Due 11-20-17: Have at least five (5) sources at minimum for your draft annotated bibliography. Annotate at least two (2). Write 75-100 words minimum about your source. Use Purdue OWL if you need guidance. Briefly summarize the main idea of each source and provide a brief analysis of how the source relates to your topic and to other sources in your bibliography. Add at least 2-3 keywords or phrases for each annotation. Put the results together into one document. Use MLA style. Use EasyBib to help format citations.

  • List sources in alphabetical order
  • Write in formal academic style (avoid first person “I” statements)
  • Avoid excessive quotations; instead summarize ideas in your own words

Start to pick from the required types of sources for your final annotated bibliography. For your final annotated bibliography, you are required to have at least 8 sources and you will annotate at minimum five. You are required to include the following TYPES of sources unless you get permission from us because your topic doesn’t apply.

  • 1 NYC or U.S. government data source
  • 1 historic or contemporary newspaper source [Consider the NY Times, Historic or historic Brooklyn Daily Eagle]
  • 1 book or book chapter
  • 1 archival image [for your final presentation, you will need to find a current image to compare to]
  • 1 archival map [for your final presentation, you will need to find a current map to compare to]
  • 1 published journal or magazine article. You can use higher quality blogs like Brownstoner but we’d prefer a published article(extra points for archival or other visual content like maps or photos or ephemera when appropriate)

content examples:

  • archival object or image, e.g. postcard
  • archival newspaper article
  • archival map
  • archival letter or manuscript
  • current newspaper article
  • current scholarly source
  • current book
  • current map
  • current website with statistics or data, e.g.
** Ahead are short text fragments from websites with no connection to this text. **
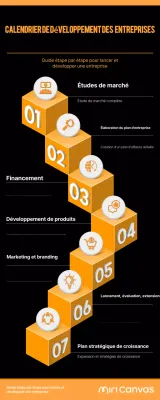 orange modern business guide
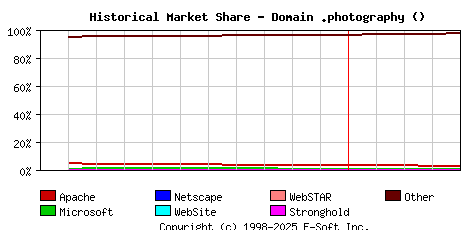 May 1st, 2023 Historical Market Share Graph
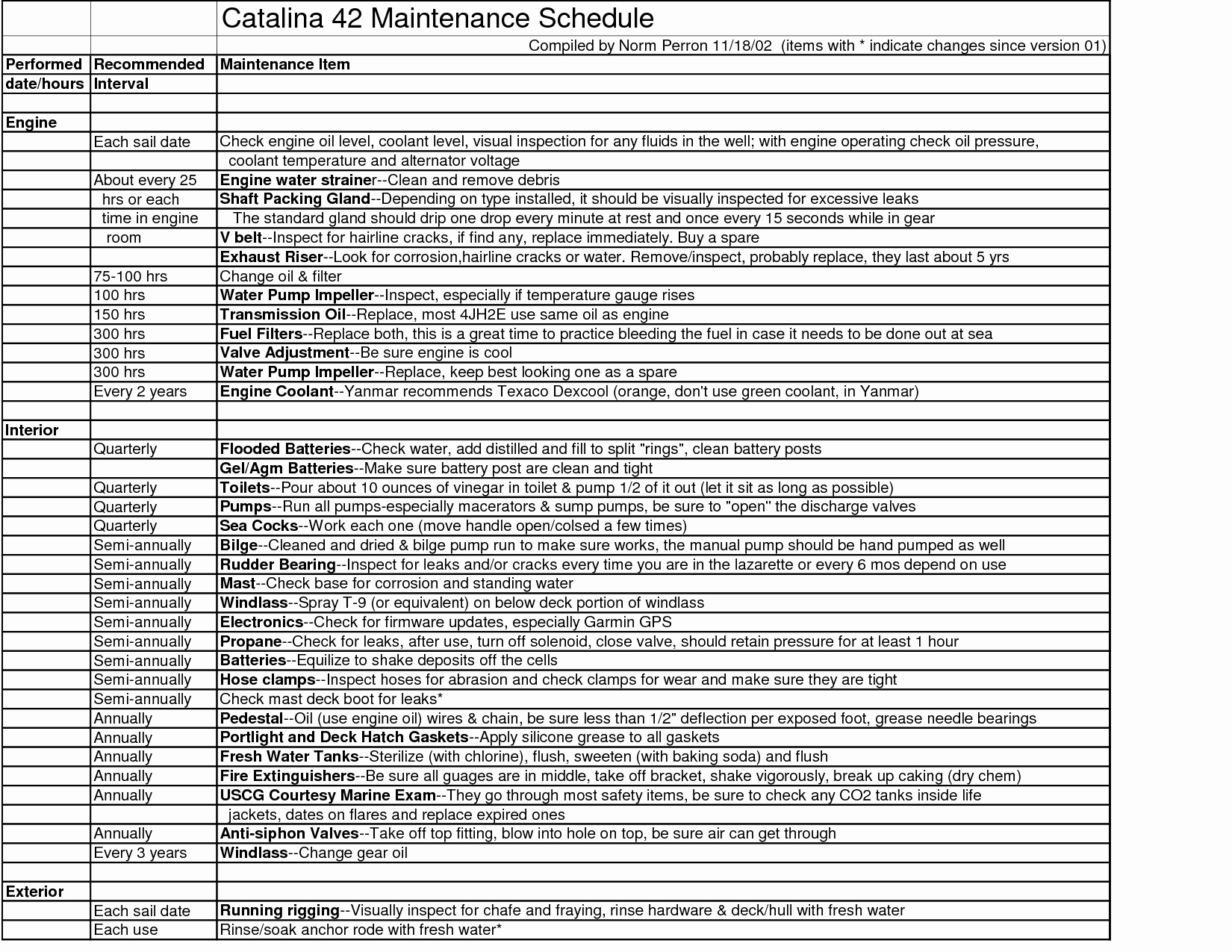 Building Maintenance Schedule Template Best Of 7 Facility Maintenance Checklist Templates Excel Templates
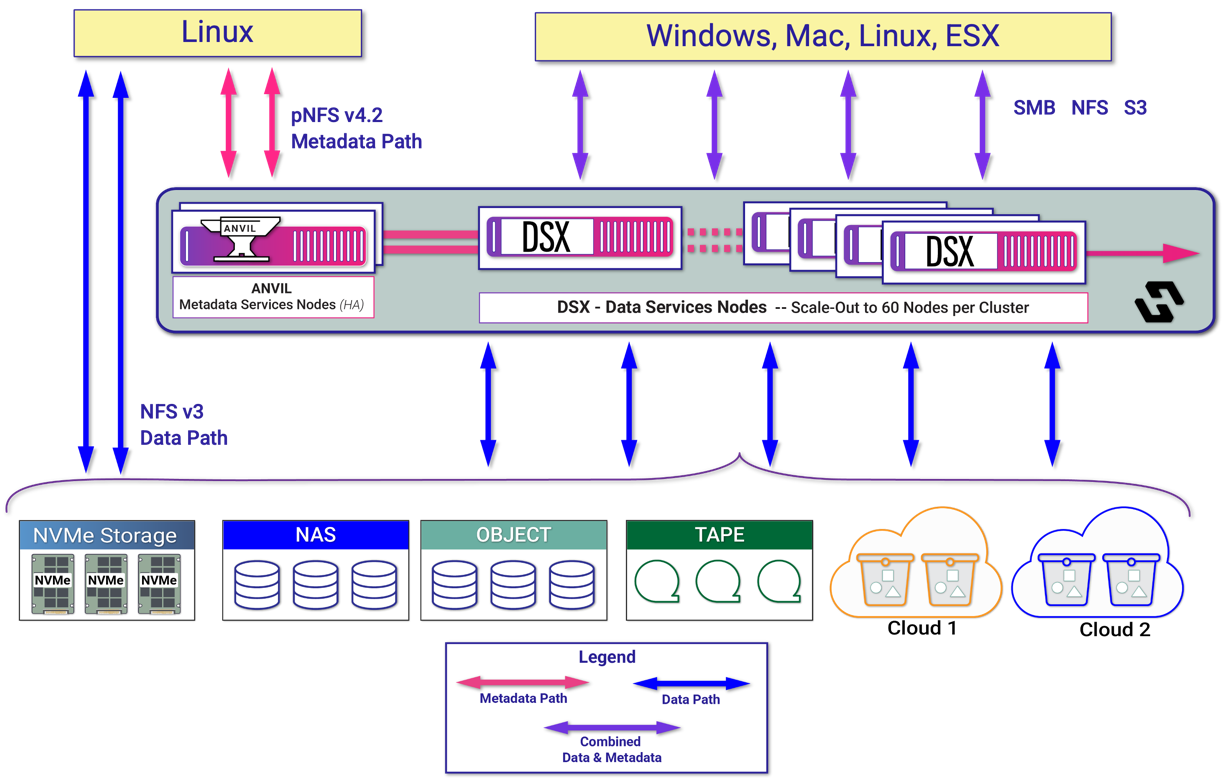 Client protocol data path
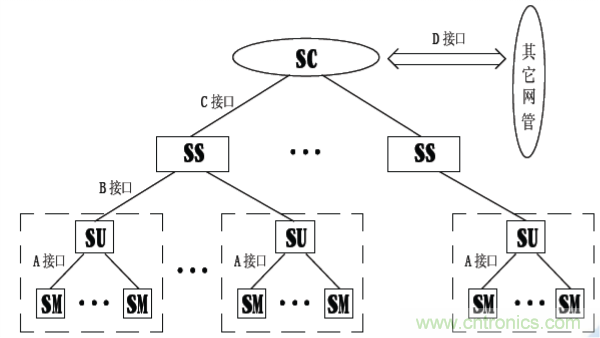 http://www.szxuyanjm.com.cn/art/artinfo/id/80037597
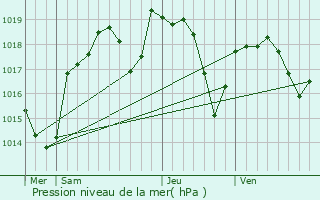 Graphe de la pression atmosphrique prvue pour Collonges-au-Mont-d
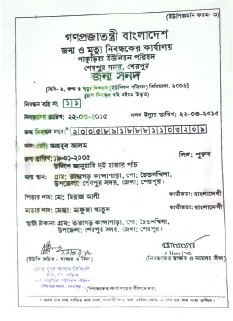 মো: মাহবুব আলম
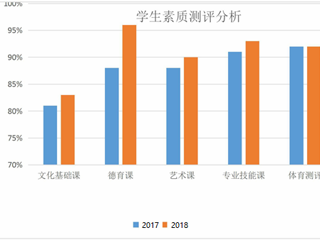 广西工商学校中等职业教育质量年度报告（2018年）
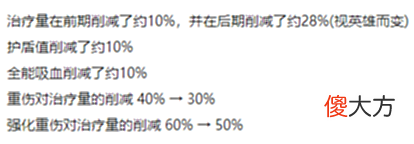 【游戏世界】LOL12.10版本改动,每个英雄相当于自带冰拳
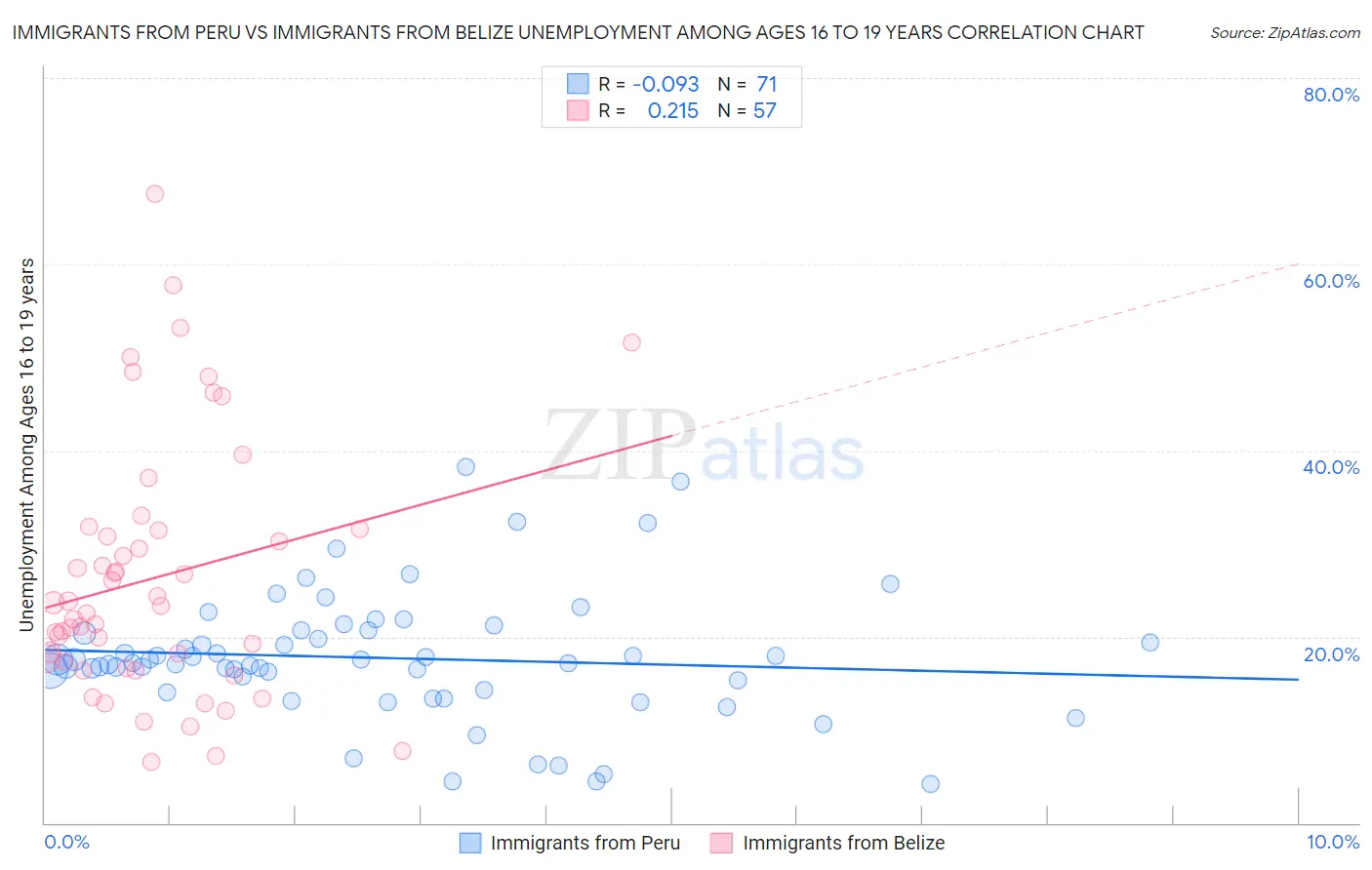 Immigrants from Peru vs Immigrants from Belize Unemployment Among Ages 16 to 19 years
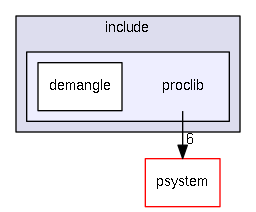 include/proclib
NYC Dept. of City Planning Zoning data

30 thoughts on “11/20 Annotated bibliography, first draft

    • Although the Freeman article isn’t unusable, it is written by an undergraduate (?) student. You generally want to avoid that!

      Also be super conscious about the dates of your articles. Those written close to 2002 will have a very different tone from more recent ones.

      Be careful with citation details: I couldn’t find “Big Lights” bec. the title is “Bright Lights … ” USE THE CITATION SUPPLIED BY EBSCO so these kinds of errors don’t happen, OK?

      Overall, quality research.

    • Interesting use of the archival object. The only problem is that although your analysis is interesting, the object itself may not create that causal link between the highways, the re-inauguration, and the neighborhood.

      If you plan to use demographic data like https://www.point2homes.com, you’d do better in two ways: use Census Data and try to find the specific data for that neighborhood by Census tract. If you compare your neighborhood to Manhattan overall, that would be very valuable!

      None of your sources seem to be a product of using our library so I’d urge you to try using it for a better grade as well as more detailed citations as a result. You want to try to provide a creator or publisher whenever possible.

      I love Wikipedia but use it as a starting place to find other sources. This Wikipedia article is so-so. If you look at TALK, you’ll see it is considered START CLASS on the quality scale which means it is not considered robust or well developed.